Yue Chen terkekeh dan menjelaskan, “Sang Terpilih memanggil Dao Surgawi setelah menyadari bahwa dia kalah. Dia benar-benar mempermalukan dirinya sendiri, dan wajar jika orang-orang memandang rendah dirinya setelah apa yang telah dia lakukan. Dia adalah pecundang yang buruk.”
Yue Qian tertawa dan mengangguk. “Memang benar.”
Suara Yue Chen menebal saat dia berkata, “Tetua Agung, cepatlah beri tahu Ketua Klan. Masalah ini sangat penting bagi klan kita. Setelah kita memastikan identitas Ye Guan, kita harus bersiap-siap.”
Yue Qian bertanya, “Bersiap untuk apa?”
Yue Chen berkata, “Kita harus bersiap menyambut raja baru!”
…
Lu Tian menghela napas saat melesat melintasi awan.
Dia dan Kepala Pejabat Militer baru saja meninggalkan Dunia Yue.
Tuan Muda! Itu bagaikan musik di telinganya. Betapa bangganya keempat klan besar di Alam Semesta Guanxuan?
Mereka bahkan tidak repot-repot menyapanya ketika dia pertama kali mengunjunginya, tetapi setelah mengungkapkan aura Garis Darah Iblis Gila, Tetua Agung Klan Yue benar-benar membungkuk kepadanya.
Lu Tian yakin bahwa seluruh Akademi Guanxuan akan tunduk padanya jika dia mengungkapkan aura Garis Darah Iblis Gila kepada mereka!
Lu Tian mengepalkan tinjunya erat-erat sambil menyeringai kegirangan.
Ia merasa darahnya mendidih hanya dengan memikirkan hal itu.
Pejabat Militer Kepala tiba-tiba berkata, “Tenanglah.”

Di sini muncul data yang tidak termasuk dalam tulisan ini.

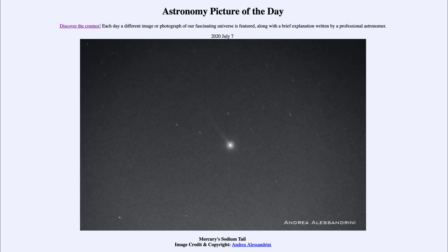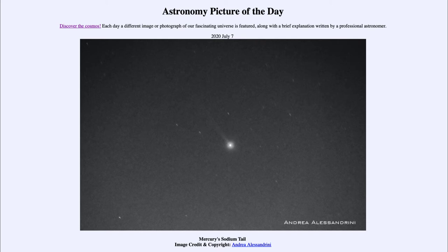Here we're looking at a trail stretching back towards the upper right — a tail of sodium. The sodium is there because Mercury does have a very thin atmosphere. We sometimes think of it as not having an atmosphere, but it does have a very thin atmosphere of some lighter elements, and one of those elements is sodium.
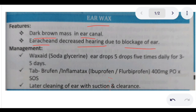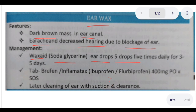You can give Wax Aid ear drops, which basically contain soda glycerin. You can use it as five drops, five times a day for three to five days. Along with that, if there is ear pain,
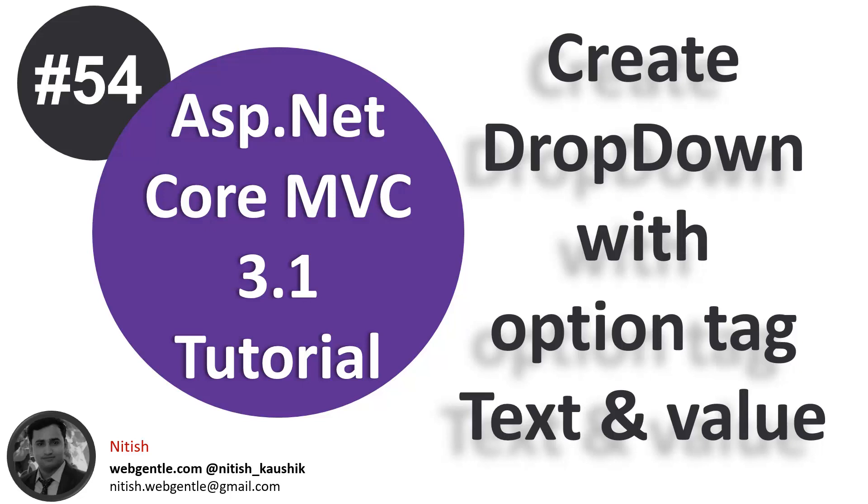In this video we will learn how we can add text and value to our dropdown by using the option tag. Let's start.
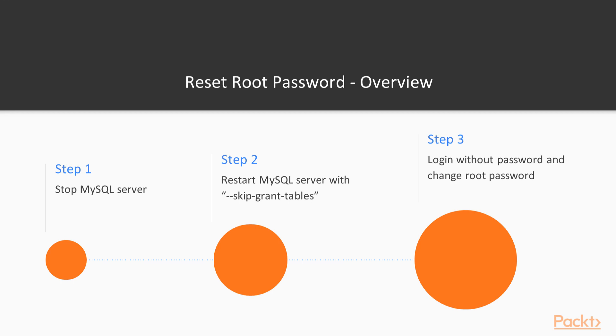Then we can log in to MySQL without providing a password by simply issuing the command mysql. Once connected to the server, load the grant tables and then, after you have done that, you can use the alter user command to reset the password of the root user.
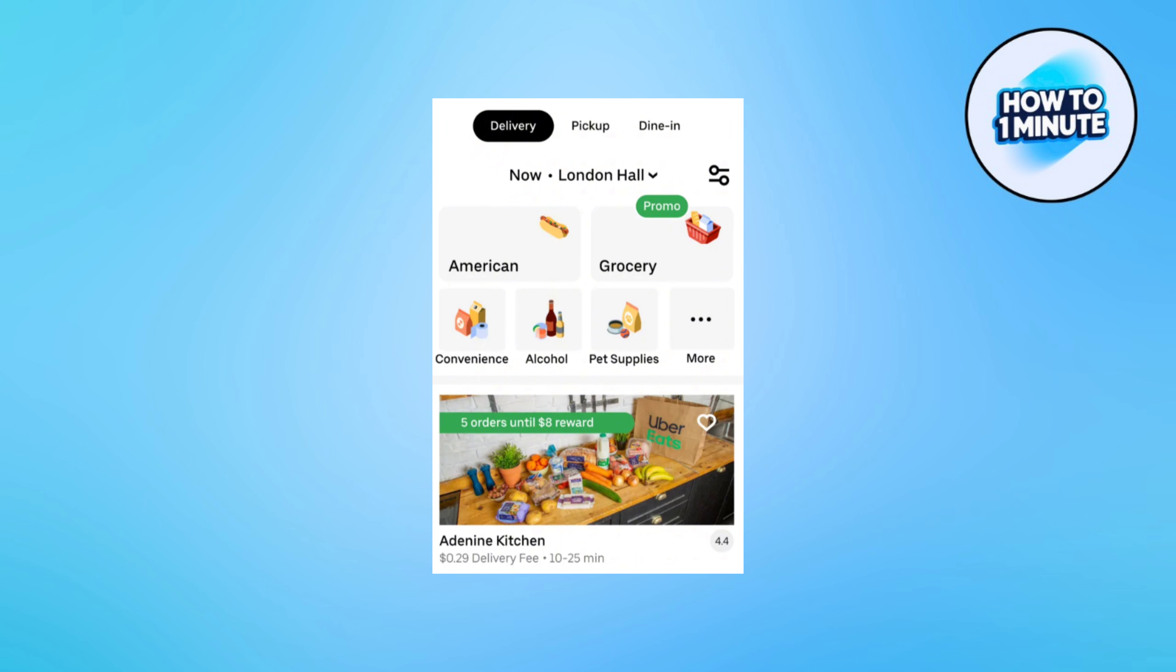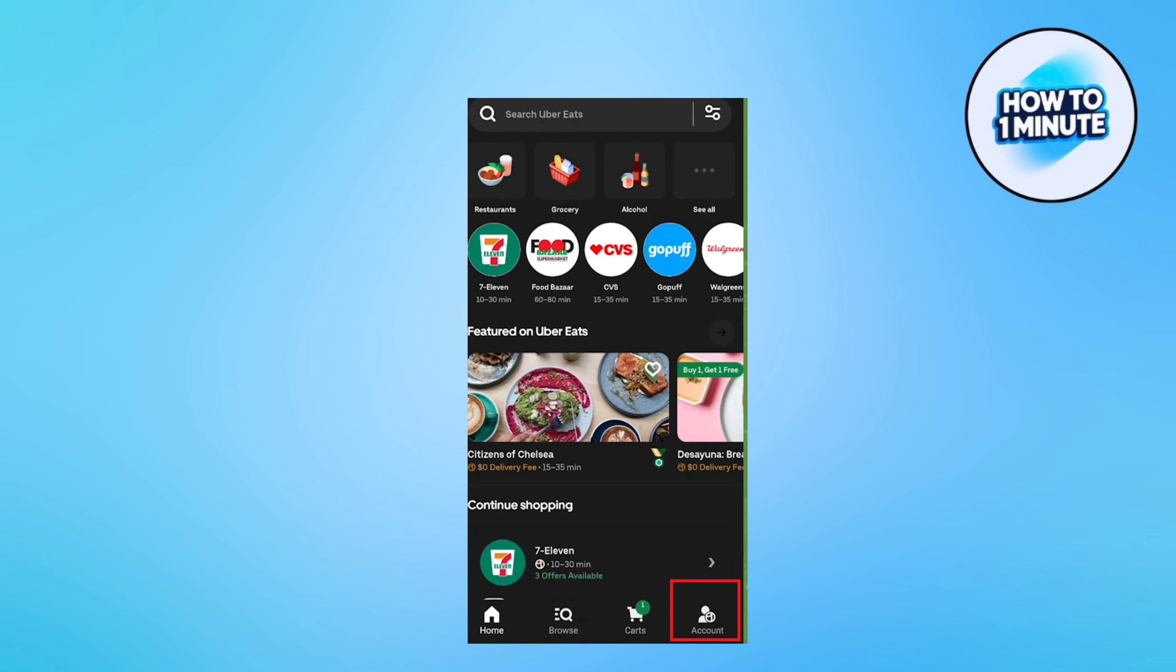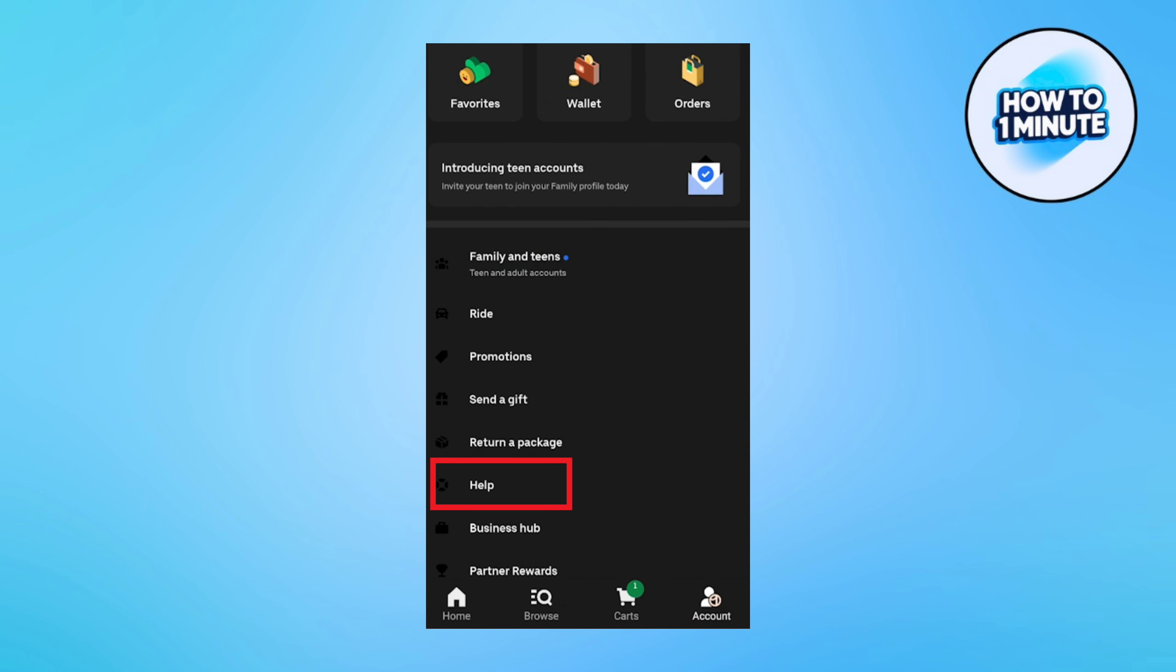So if your ID is blocked on this app, best way is to manually request to have your ID verified. All you need to do is open up the Uber Eats app, sign in to it, and tap on your account option at the bottom right corner of the screen. Here tap on help.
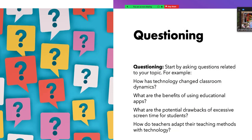Questioning. Start by asking questions related to your topic. For example, if you're going to write about AI: How has technology changed classroom dynamics? What are the benefits of using educational apps? What are the potential drawbacks of excessive screen time for students? How do teachers adapt their teaching methods with technology? The answers to these questions will become your thesis statement and your reasons.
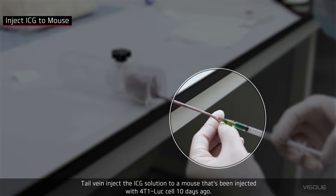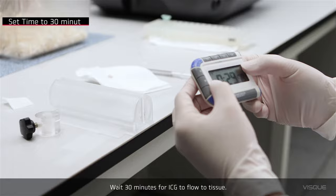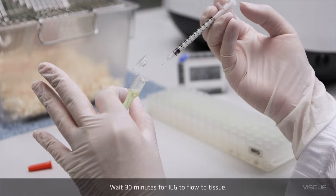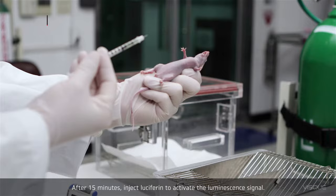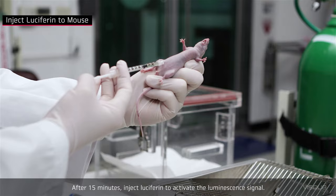Wait 30 minutes for ICG to flow to tissue. After 15 minutes, inject Luciferin to activate the luminescent signal.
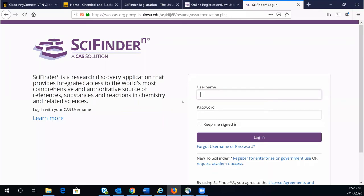In this short video, I'm going to show you how to access SciFinder^n off-campus. If this is your first time to access SciFinder^n, you will need to register an account with SciFinder^n.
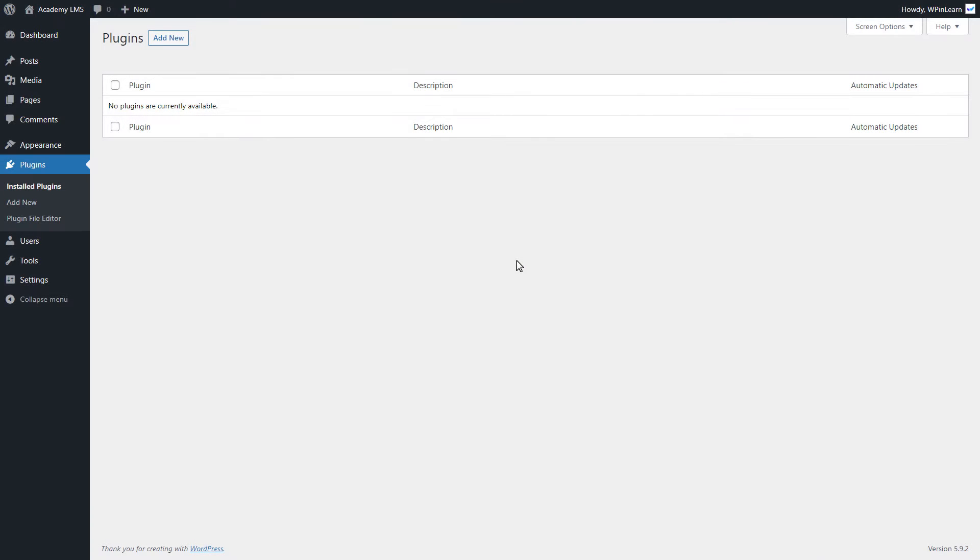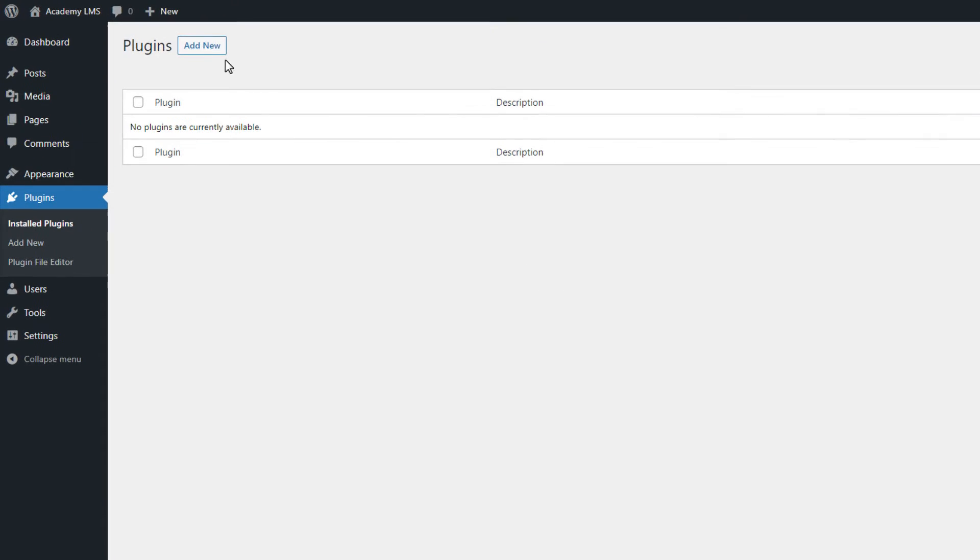Go to your WordPress dashboard and click on Plugins. After that, click on the Add New button.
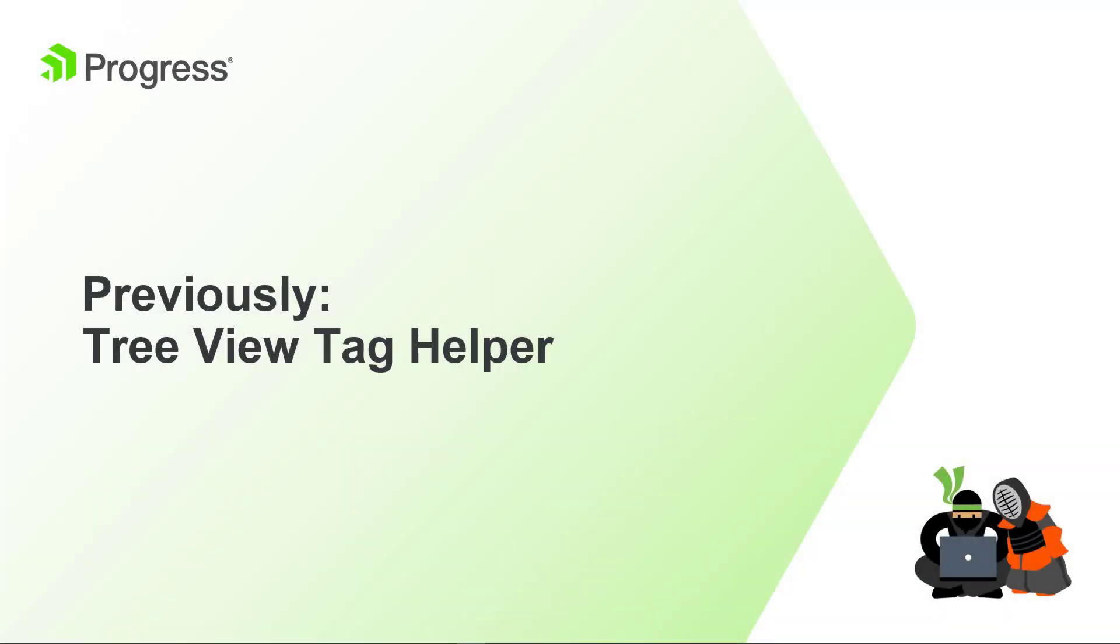In the previous module, Ed used the TreeView Tag Helper. The focus of this next video is on partial views. To improve maintainability, we'll move sections of markup into partial view files. Those partial views will be rendered using the ASP.NET Core Partial Tag Helper.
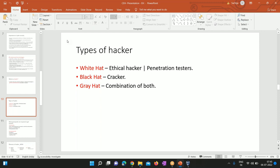Black Hat Hackers are quite the opposite — they don't work for companies, they work for themselves. Their intention might be to steal information or damage infrastructure. That's why we call them crackers. Then we have Gray Hat Hackers, who are a combination of white hat and black hat — sometimes they work offensively and sometimes defensively. It's a mixture of both.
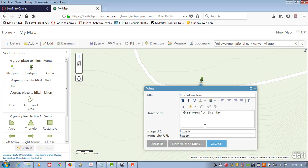You can also link to a picture if you took a great picture of this location or you can just leave that blank.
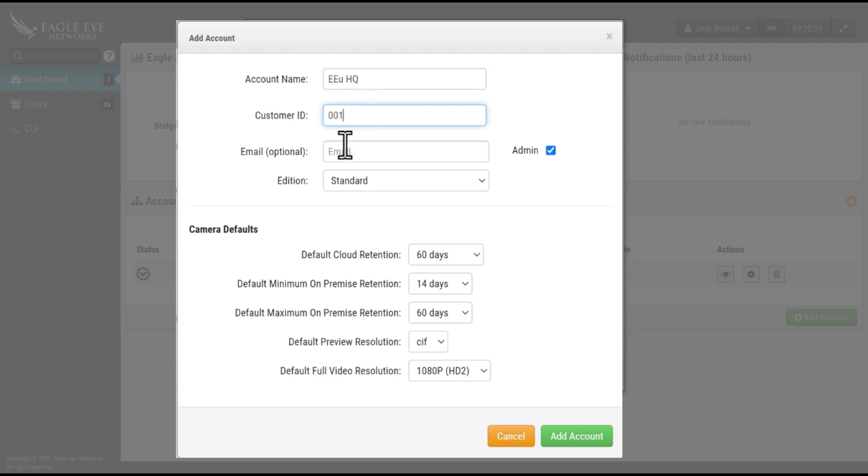You also have the option to add an email in here. This will create your first end-user.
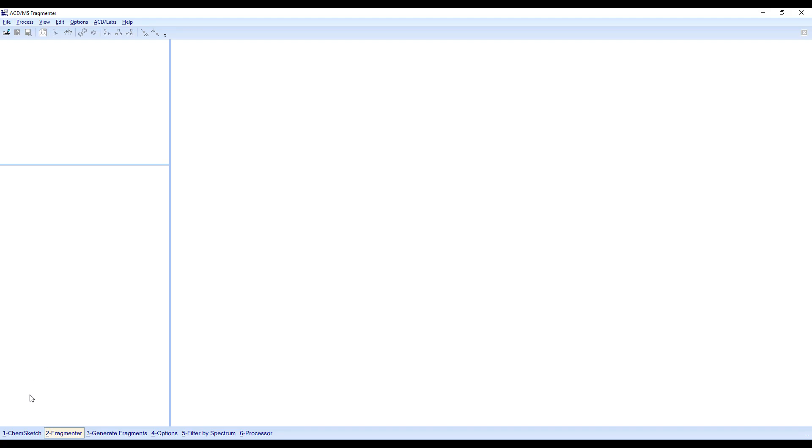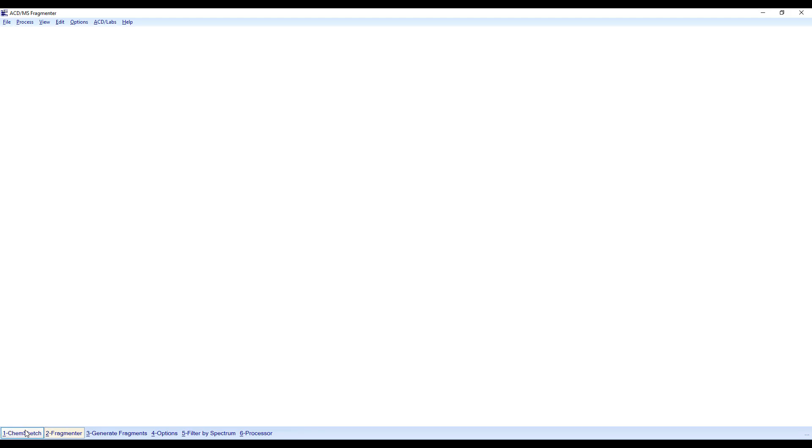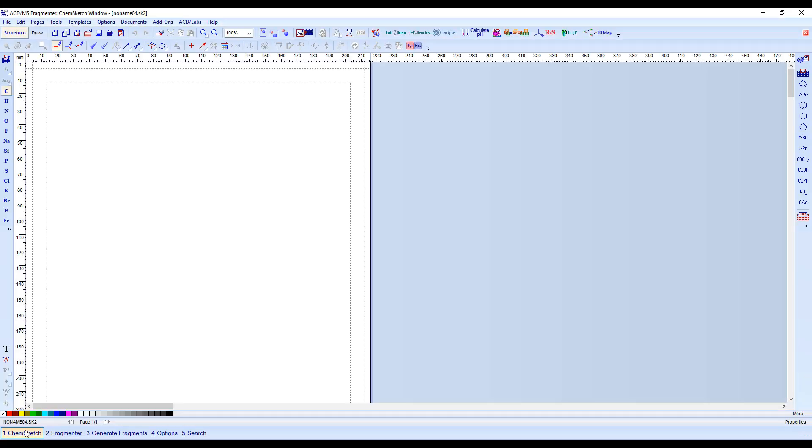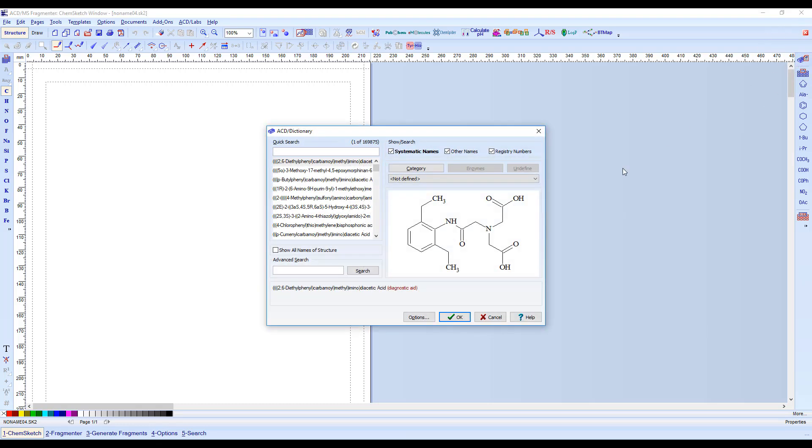Click on the ChemSketch button in the navigation toolbar. Draw or open a structure of interest. Here, I'm using the Dictionary tool to insert a structure.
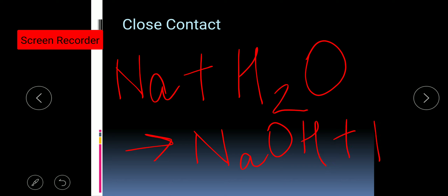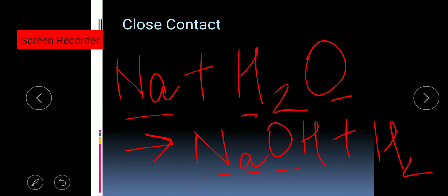Is this reaction balanced? One sodium on the reactant side and one sodium on the product side. One oxygen on the reactant side and one oxygen on the product side. Two hydrogen on the reactant side and three hydrogen on the product side — so it is not balanced and we need to balance it.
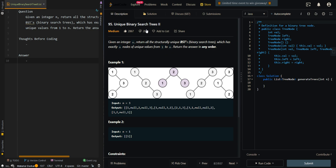In this video we will be going over Unique Binary Search Trees 2. Given an integer n, return all structurally unique BSTs which have exactly n nodes of unique values from 1 to n. Return the answer in any order.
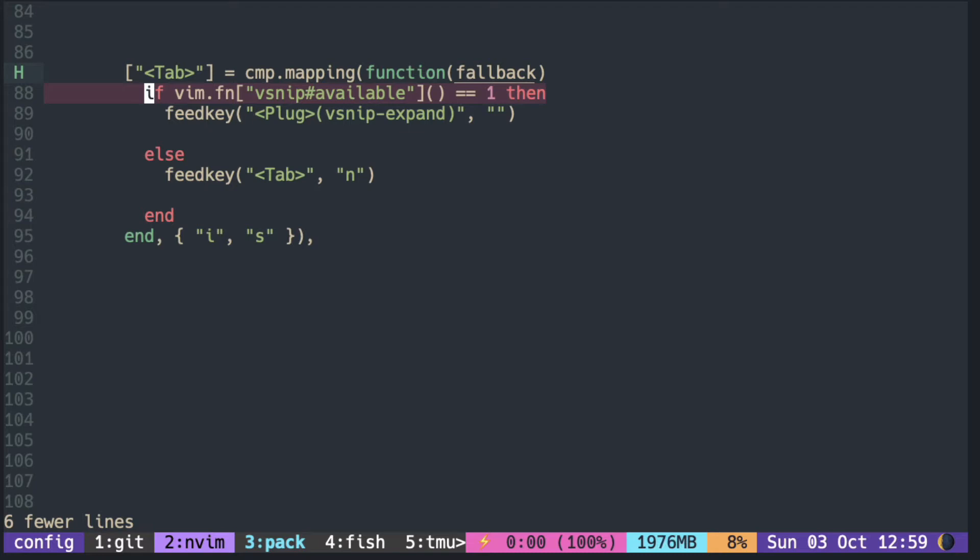If it is, it is calling the plug-in mapping of the vsnip to expand the snippet. Make sure to not put the n in the second argument for any plug-in mapping. If there is no snippet, just press tab.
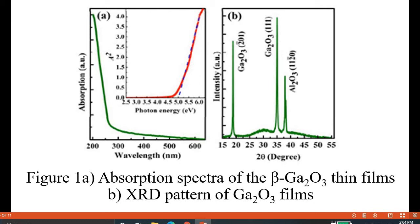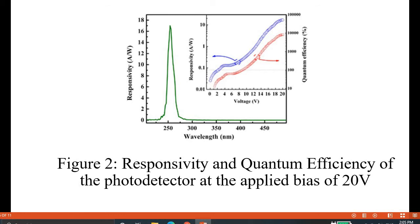Now for the results and discussion from my simulation. As you can see, Figure 1a shows the absorption spectra for the beta gallium oxide thin film, which occurs at 254 nanometers. It is also a transparent conductive oxide (TCO) film. Figure 1b shows the XRD pattern of the gallium oxide thin film, which reveals that gallium oxide has different crystallographic directions or planes, indicating different polymorphism.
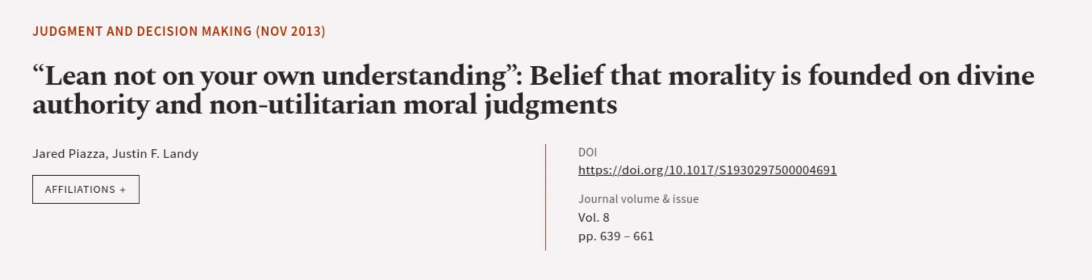This article was authored by Jared Piazza and Justin F. Landy. Wearearticle.tv, links in the description below.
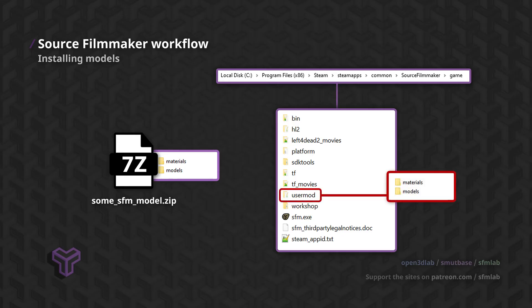If you look inside the UserMod directory, you will find the critical folders we're looking for. Materials and Models.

Lu Tian menghela napas panjang dan menekan pikirannya. Dia menoleh ke suatu tempat dan bergumam, “Tanah Suci Lingxu, Surga Waktu, dan Sekte Pedang…”
Ekspresinya berubah masam. Dia bersumpah akan membuat mereka membayar di kemudian hari.
Mereka yang berani menentangku akan mati!
“Semuanya akan berakhir begitu kita mendapatkan dukungan dari Klan Gu,” kata Kepala Pejabat Militer. “Ye Guan tetap akan mati, bahkan jika dia mendapat dukungan dari seribu Penguasa Pedang Agung.”
Pejabat Militer Kepala itu melirik Lu Tian sekilas lalu melanjutkan, “Bunuh dia, dan kau akan menjadi raja—Raja Alam Semesta Guanxuan!”